Deep Learning Architectures for Spatio-Temporal Data Analysis:

While visual contents provide a large amount of information, spatio-temporal data provides a richer platform that can be utilized in order to further understand the video contents. In IVY lab, we are interested in designing deep architectures that can analyze the spatio-temporal visual data in order to provide effective representation of video contents. IVY lab is currently investigating dynamics of objects and developing spatio-temporal visual data representation for performing high- performance object identification. 
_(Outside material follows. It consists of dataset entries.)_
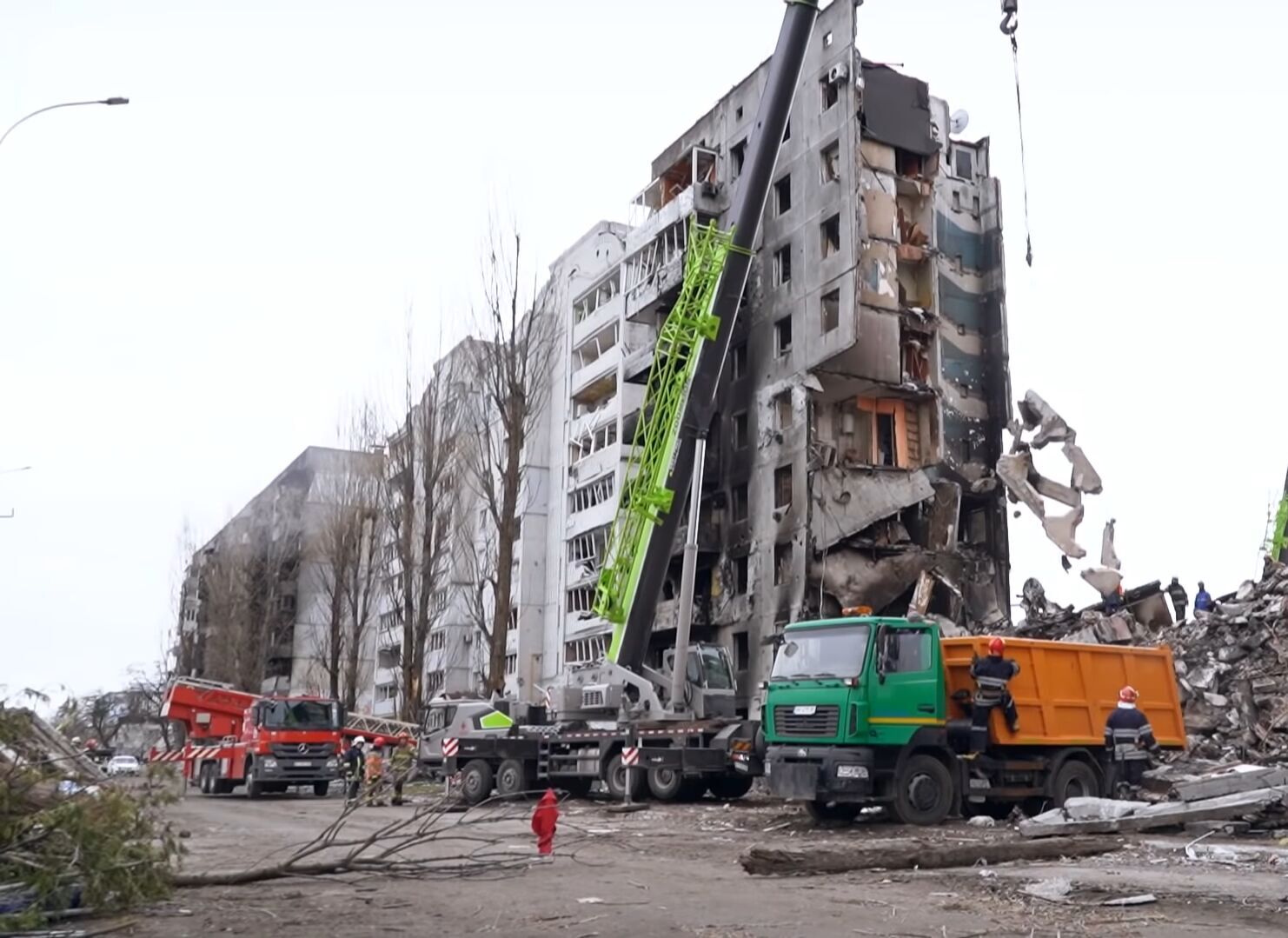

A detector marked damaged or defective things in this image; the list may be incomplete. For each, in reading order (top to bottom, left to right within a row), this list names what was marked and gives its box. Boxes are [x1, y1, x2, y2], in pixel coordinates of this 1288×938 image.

broken window [819, 76, 840, 111]
broken window [731, 139, 752, 177]
broken window [819, 140, 840, 183]
broken window [767, 174, 787, 214]
damaged balcony [626, 145, 726, 322]
broken window [819, 211, 840, 256]
broken window [767, 243, 787, 283]
broken window [819, 289, 840, 332]
broken window [767, 316, 787, 358]
broken window [731, 340, 752, 381]
broken window [773, 389, 793, 428]
broken window [731, 412, 752, 453]
broken window [731, 484, 752, 520]
broken window [773, 466, 793, 509]
broken window [767, 541, 787, 587]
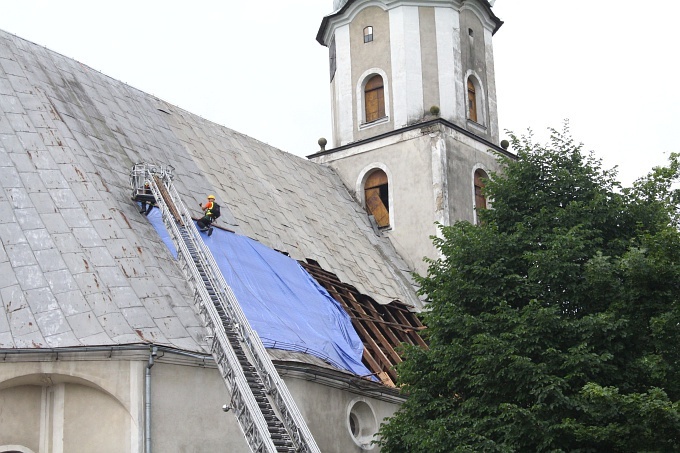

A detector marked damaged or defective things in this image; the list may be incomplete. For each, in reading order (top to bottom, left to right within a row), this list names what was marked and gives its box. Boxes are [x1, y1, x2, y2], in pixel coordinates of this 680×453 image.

damaged church roof [0, 30, 420, 352]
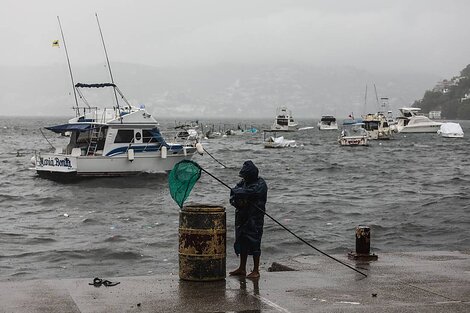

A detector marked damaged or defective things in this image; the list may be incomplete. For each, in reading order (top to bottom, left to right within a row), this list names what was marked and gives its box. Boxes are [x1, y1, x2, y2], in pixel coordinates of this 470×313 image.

rusty metal barrel [178, 204, 226, 280]
rusted bollard [178, 204, 226, 280]
rusted bollard [348, 225, 378, 260]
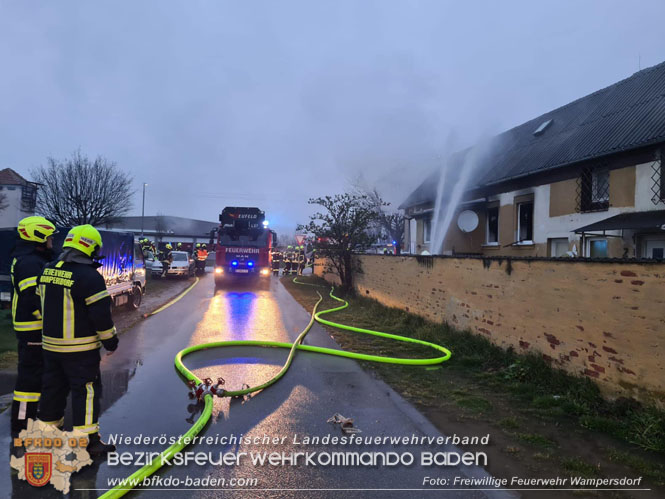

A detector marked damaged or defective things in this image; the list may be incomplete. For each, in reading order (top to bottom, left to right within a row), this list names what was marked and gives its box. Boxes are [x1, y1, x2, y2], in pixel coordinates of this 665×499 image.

burned roof [400, 60, 664, 209]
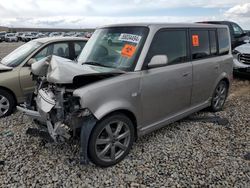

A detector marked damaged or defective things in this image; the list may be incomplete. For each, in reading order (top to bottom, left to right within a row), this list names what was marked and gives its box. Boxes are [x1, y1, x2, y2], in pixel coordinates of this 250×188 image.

front end damage [17, 55, 123, 164]
crushed hood [31, 54, 124, 83]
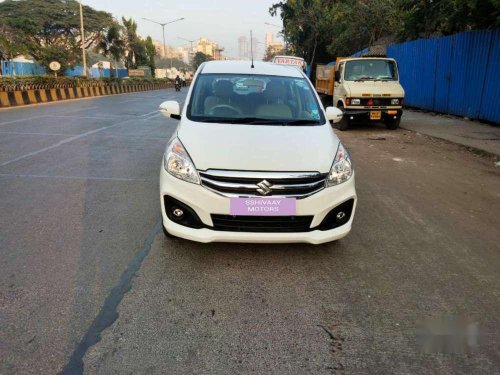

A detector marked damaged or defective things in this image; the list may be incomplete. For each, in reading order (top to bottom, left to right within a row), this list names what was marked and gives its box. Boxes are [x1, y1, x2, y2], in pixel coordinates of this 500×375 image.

crack in asphalt [59, 219, 162, 374]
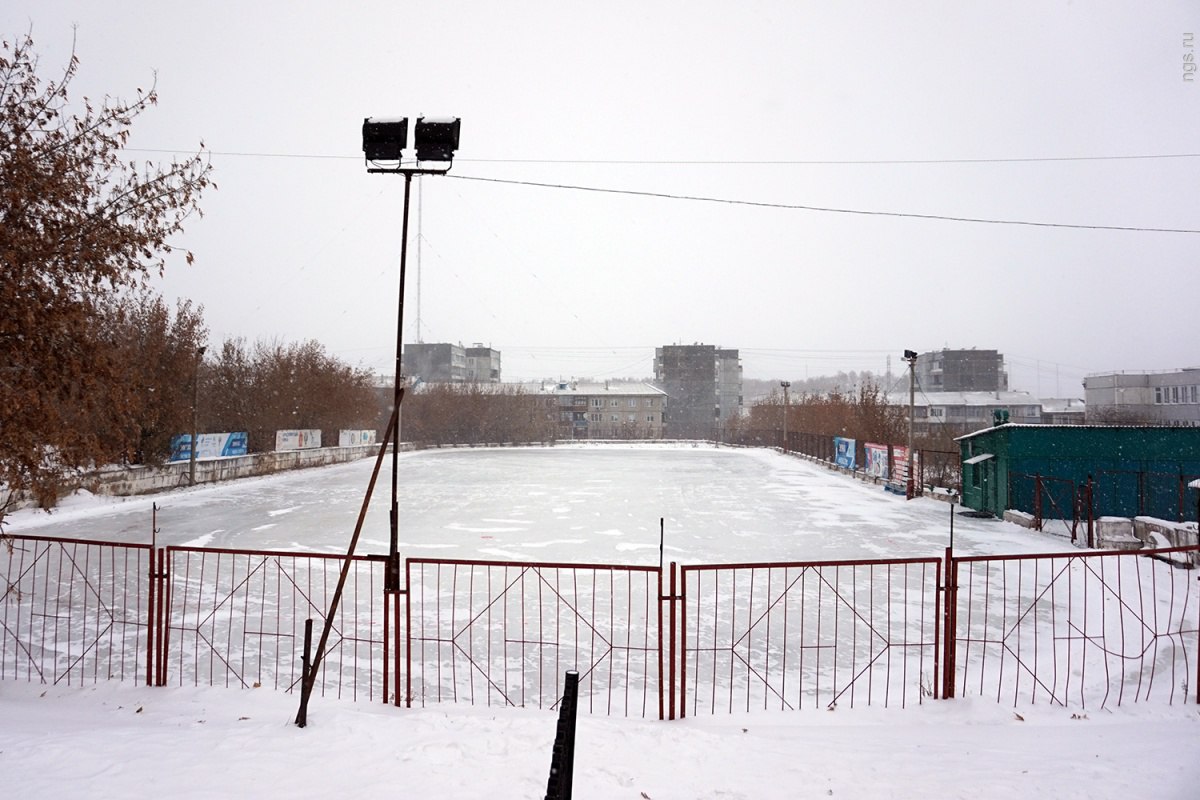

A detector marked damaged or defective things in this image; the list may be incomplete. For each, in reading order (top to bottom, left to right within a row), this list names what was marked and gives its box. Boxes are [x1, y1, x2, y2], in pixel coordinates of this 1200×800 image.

rusty fence frame [2, 534, 1200, 710]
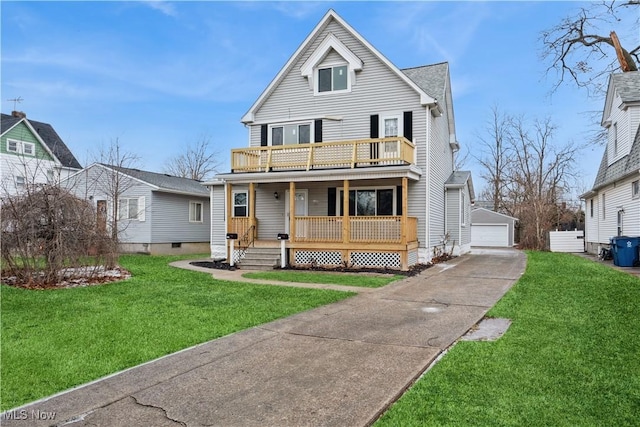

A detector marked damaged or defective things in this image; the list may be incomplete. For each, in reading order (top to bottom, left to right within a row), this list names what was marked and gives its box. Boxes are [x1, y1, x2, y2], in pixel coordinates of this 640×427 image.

driveway crack [131, 396, 186, 426]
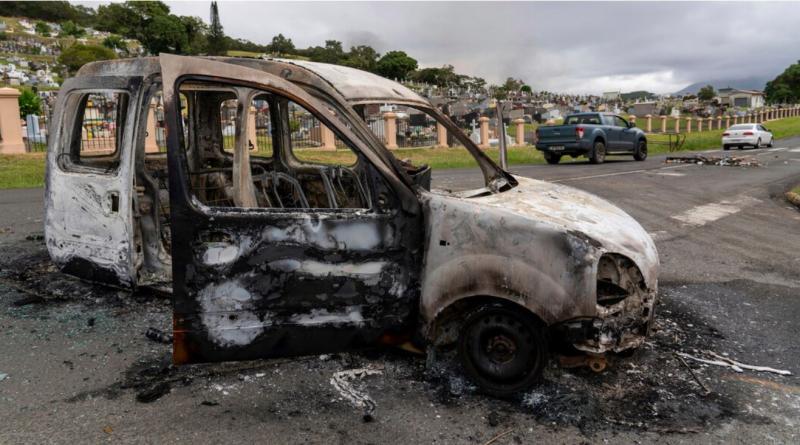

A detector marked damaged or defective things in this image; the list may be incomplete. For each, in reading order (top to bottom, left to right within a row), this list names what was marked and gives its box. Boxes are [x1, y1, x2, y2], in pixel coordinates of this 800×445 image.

burnt tire [588, 140, 608, 164]
charred door frame [160, 53, 428, 362]
burned van [43, 53, 660, 394]
burned car wheel [456, 302, 552, 396]
burnt tire [456, 304, 552, 398]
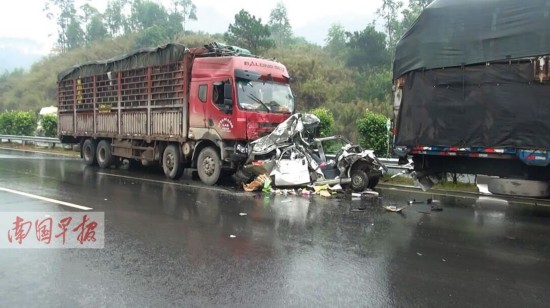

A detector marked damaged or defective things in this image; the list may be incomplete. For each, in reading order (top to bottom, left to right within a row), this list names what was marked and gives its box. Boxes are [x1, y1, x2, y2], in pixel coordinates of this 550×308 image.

shattered windshield [238, 78, 298, 114]
wrecked white vehicle [237, 113, 388, 190]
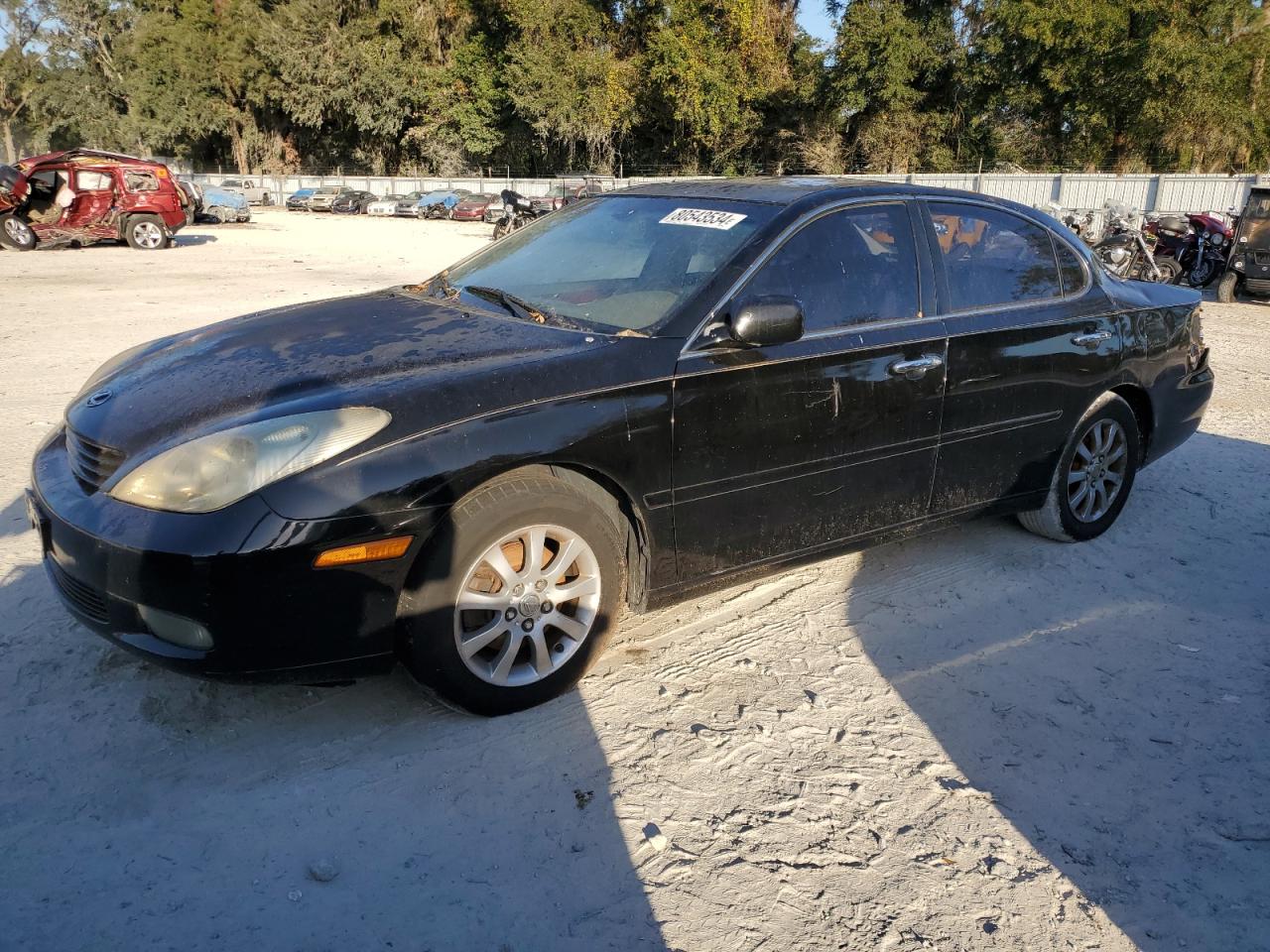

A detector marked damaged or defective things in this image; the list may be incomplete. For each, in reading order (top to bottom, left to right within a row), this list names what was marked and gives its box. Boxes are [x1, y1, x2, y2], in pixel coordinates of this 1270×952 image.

wrecked red suv [0, 150, 187, 251]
3D Video Processing for Visual Realistic Experience Here in IVY lab, we have long been interested in 3D content generation and processing. One of the main challenges that IVY lab is currently working on is designing objective methods for assessing the overall quality of the 3D content in order to efficiently improve the visual quality. IVY lab is also working side by side with industry in order to develop state of the art methods and technologies for free view (360 degrees) video generation, 360 video processing and holography. A brief description of some of the lab’s activities on topics regarding 3D contents generation and processing are described below:

VR (virtual reality), AR (augmented reality) Video Processing

In order to achieve immersive 360 degrees video content for the viewers, it is necessary to generate spatio- temporal consistent 4D videos considering the factors that affect visual discomfort in human visual systems. To that end, IVY lab has recently developed a novel multi-view generation method, with spatio-temporal consistency and binocular symmetry based on global optimization for VR and AR TV. Improving 4D video processing techniques, such as video stitching and minimizing the visual distortion and VR/AR visual discomfort is a particular interest of IVY lab. To that end, we consider the characteristics of human visual systems as well as 4D VR/AR video contents to improve the quality of the generated 360 degrees VR/AR videos.

3D video Quality Assessment

There increasing availability of 3D content and commercial products have prompted and increased necessity for providing an enhanced and immersive viewing experience in autostereoscopic display and free viewpoint television. However, the easy access to such 3D content has also raised concerns regarding the viewing safety problems associated with the viewing of stereoscopic images in stereoscopic 3D displays or free-viewpoint displays. In IVY lab, we have been interested in assessing the perceptual quality of the 3D images and videos. IVY researchers have proposed visual comfort assessment metrics that takes into considerations various discomfort factors such as excessive screen disparity, excessive disparity difference, window violations, etc. Moreover, we are trying to devise objective quality assessment for 360 degree video or holographic videos.

Computer Generated Holography

Computer Generated Holograms (CGH) are holographic interference patterns that can be embedded into various materials. Because the mass production of computer simulated holograms is fairly affordable, CGH technologies have a lot of potential various industries and applications. However, the heavy computational cost required to calculate the holographic interference patterns of the 3D objects is still a major problem in this field. IVY lab is working on analyzing and utilizing the sparsity of CGH in order to develop fast CGH generation algorithms.